In the end, miners will find a new equilibrium between hardware and electricity costs on the one hand, and block rewards on the other hand. If hardware becomes more efficient, they'll buy more hardware and consume more power again. And if they don't do it, someone else will.
The only way to really use less energy, is if the mining hardware is so much more expensive that it takes a larger share of the total costs, which leaves less money to be spend on electricity. But I wouldn't be surprised if most of the energy savings are consumed again by the hardware manufacturer.

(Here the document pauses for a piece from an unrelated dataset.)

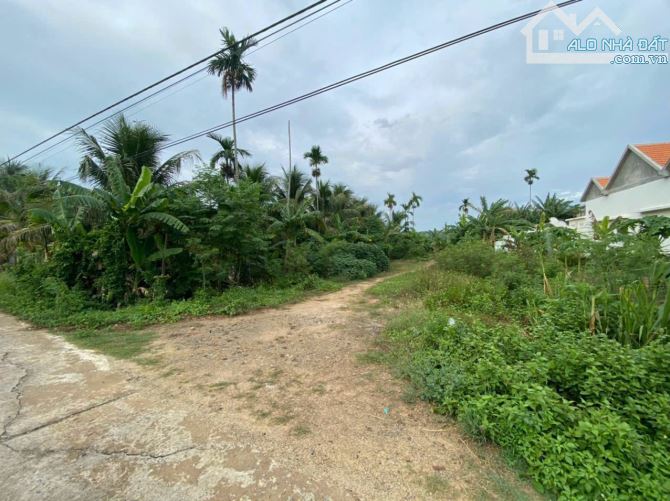 Đất đầu tư Ninh Đông Ninh Hoà, cách trung tâm thị xã Hơn 1,5km - 1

It's not as if CPU production doesn't consume a lot of energy!

I was thinking about that economical aspect of mining ...

I wonder if mining is a zero-sun game, (like trading) where you just need to beat others miners to stay on step ahead

Regards to the technical electricity consumption I also wondering if there is something regards to parallelism ..

something like ..

"As processor chips become increasingly parallel, an efficient communication substrate is critical for meeting performance and energy targets. In this work, we target the root cause of network energy consumption through techniques that reduce link and router-level switching activity. We specifically focus on memory subsystem traffic, as it comprises the bulk of NoC load in a CMP."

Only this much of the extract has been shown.